C’est comme se réveiller au milieu de la nuit, et qu’il n’y a plus de courant.
C’est votre maison. Un simple endroit ; des murs, des meubles que l’on connaît, que l’on a choisi, qui emplissent notre vie, et qui sont décidés à nous piéger. Il faut retrouver son chemin, et rallumer la lumière. Le temps que cela prend ne se compte pas.
S’en suit une longue quête dans le rien.
On tend les mains, fébriles, sur un vide que l’on espère plein. Que l’on croyait dur, palpable et familier. Et tout se dérobe. Sauf les pas qui, à tâtons, retracent le chemin de mémoire. Qui vient de nous lâcher.
Et les angles sont des ronds, le bois est mou, les murs se resserrent, le couloir est infini. Rien n’est à sa place et pourtant, tout est presque là. Dans le noir, dans ce trou immense, on s’arrache les paumes aux parois. On croit reconnaître un reflet sans fond.
Le trou de mémoire c’est le moment où vous êtes attaqués par le vide, et qu’il n’y a aucun moyen de se défendre. Vous bougez les bras et cherchez à affronter ce quelque chose d’absent. Vous refusez le rien, et vous vous mettez à le façonner à grands coups de couteau dans le brouillard, convaincu qu’il finira bien par être quelque chose de présent. Qu’il vous rendra la pareille. Peut-on rendre le combat égal, retrouver la puissance du contrôle ? Les questions résonnent et pas d’écho à l’horizon de vous-même.

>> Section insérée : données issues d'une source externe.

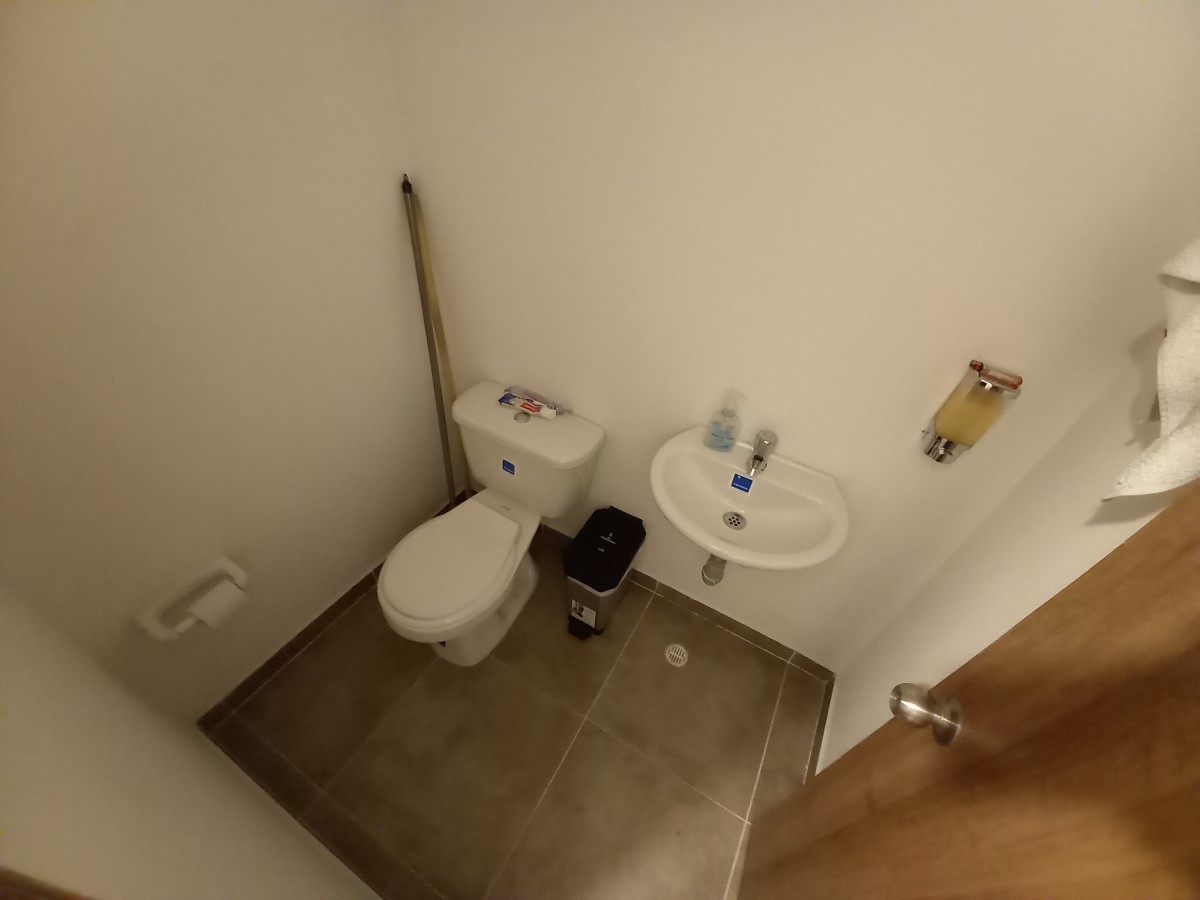 Foto de Local en Venta en Las colinas, Manizales - 16 - 24314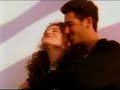 Amy Grant Baby Baby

Devant ce rien invulnérable, on capitule. On s’immobilise. On se transforme en pierre. Minute de silence. On se recueille sur soi, on se laisse aller, on se laisse défaire. Les yeux d’abord s’acclimatent, les oreilles se tendent, corde dans le vent qui vibrera peut-être. Le rien vous ouvre ses bras pour l’équilibre. Le noir est gris, il est nuance de vide et de plein. Les mots reviennent, et on aperçoit enfin les cailloux blancs illuminant la pensée. Les mots du bout de la langue. Le tournis des sept tours s’en est allé.
Le trou se comble. Vous avez fait deux pas, vous inspirez. La nausée s’échappe.
On appuie sur le bouton on de la lampe de bureau. Et la page se noircit, à tâtons, dans la blancheur à peine aveuglante. Les premiers bleus de la traversée dans le noir prennent forme. Les maux s’animent donc. Finalement. C’est quelque chose qui ne s’oublie pas.